Kubernetes writes the limits into cpu.max (50000 100000) and memory.max (2147483648) automatically. If you also need I/O throttling, add a runtimeClass that sets io.max via a RuntimeClassHandler plugin (e.g., kata-runtime or a custom cri-o hook).

Monitoring and Observability

cgroups v2 shines when paired with modern observability stacks.

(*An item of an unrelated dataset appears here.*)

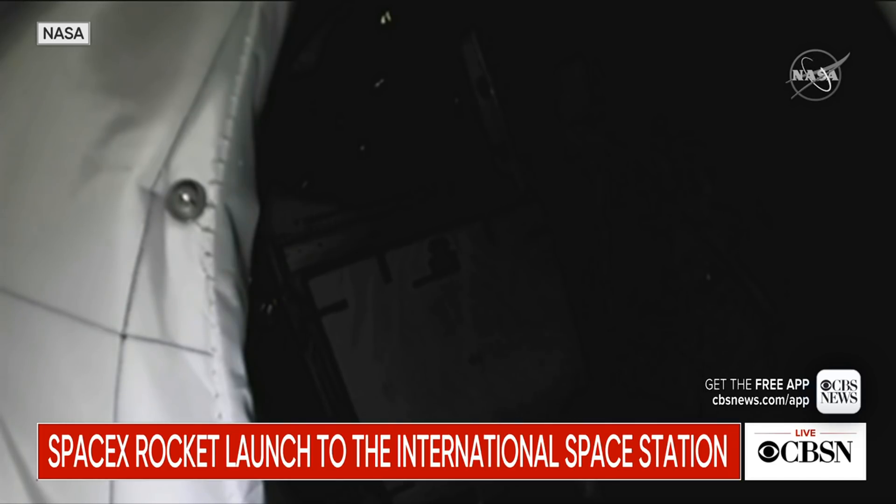At this point we are about 10 to 20 seconds away from Dragon's separation. Let's listen in for the callouts.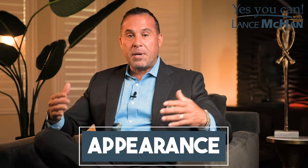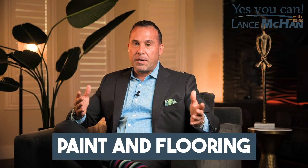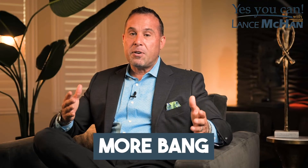What really adds value is the appearance of the home being move-in ready. And the quickest and easiest way to do that is paint and flooring. Paint will bring you more bang for your buck than anything else you can do to your home.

The kernel exposes per‑cgroup metrics via cgroupfs and procfs, which Prometheus node exporters can scrape directly.

Prometheus Node Exporter Configuration

Add the following collector to node_exporter (v1.6+):

collector.cgroups:
  enabled: true
  path: /sys/fs/cgroup

This exposes metrics such as:

  • cgroup_cpu_seconds_total – cumulative CPU time per cgroup.
  • cgroup_memory_usage_bytes – current memory consumption.
  • cgroup_io_service_bytes_total – bytes read/written per device.
  • cgroup_pressure_cpu_seconds_total – CPU PSI stall times.

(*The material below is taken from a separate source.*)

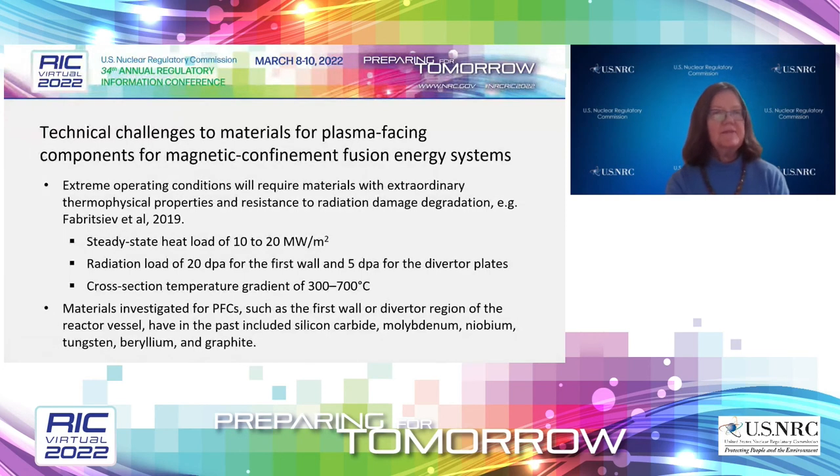Our main focus is magnetic confinement fusion energy systems, such as the International Thermonuclear Experimental Reactor — commonly known as ITER — and more generally, tokamaks. Different fusion energy systems will have different operating conditions and thus different values for heat load, radiation load, and temperature gradients. PFC candidate materials include silicon carbide, molybdenum, niobium, tungsten, beryllium, and graphite. ITER is being built at Cadarache, France, through international partnerships. It is scheduled to start operations in 2025, although it won't be filled with the power-producing isotope tritium until 2035.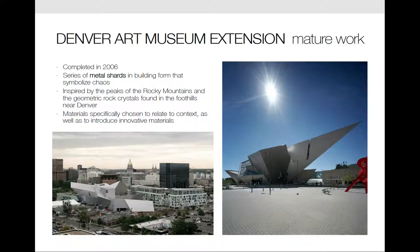Throughout Libeskind's later work, he continues with the theme of transforming deep symbolic and emotional meaning into built form. In the extension for the Denver Art Museum, there is a series of metal shards in building form that seem to symbolize chaos, and within the building there are almost no walls at a 90-degree angle. The building design recalls the peaks of the Rocky Mountains and geometric rock crystals found in the foothills near Denver. The materials closely relate to the existing context, introducing innovative materials such as the 9,000 titanium panels which cover the building's surface and reflect the brilliant Colorado sunlight.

You can then build dashboards like:

# Show top 5 memory‑hogs across all leaf cgroups
topk(5, sum by (cgroup) (cgroup_memory_usage_bytes{cgroup_type="leaf"}))

Alerting on Pressure Stall Information

PSI provides early warning of resource contention before hard limits are hit. Example alert for CPU pressure:

- alert: HighCpuPressure
  expr: rate(cgroup_cpu_pressure_seconds_total[1m]) > 0.7
  for: 5m
  labels:
    severity: warning
  annotations:
    summary: "CPU pressure > 70 % on {{ $labels.cgroup }}"
    description: "Processes in {{ $labels.cgroup }} are stalled >70 % of the time, indicating CPU saturation."

Logging cgroup Context

When you ship logs to a centralized system (e.g., Loki or Elasticsearch), embed the cgroup path as a label. A lightweight Bash wrapper can automate this:

#!/usr/bin/env bash
CGROUP=$(cat /proc/$$/cgroup | cut -d: -f3)
exec env CGROUP_PATH="$CGROUP" "$@"

All downstream log lines now carry CGROUP_PATH, enabling you to filter incidents by the exact workload that generated them.

Key Takeaways

  • Unified hierarchy eliminates the mismatch between controllers; always mount cgroup2 with the full set of needed controllers at the root.
  • Design the hierarchy around tenancy (pods, users, services) and let systemd enforce it declaratively with slices and scopes.
  • Enable only the controllers you need to reduce kernel overhead and avoid controller conflicts.
  • Prefer systemd for production because it handles delegation, leaf‑cgroup creation, and automatic cleanup.
  • Instrument PSI and per‑cgroup metrics early; they give you a proactive view of resource pressure before limits are breached.
  • Tie cgroup identifiers into logs and alerts to achieve end‑to‑end traceability from a metric spike to the exact offending process.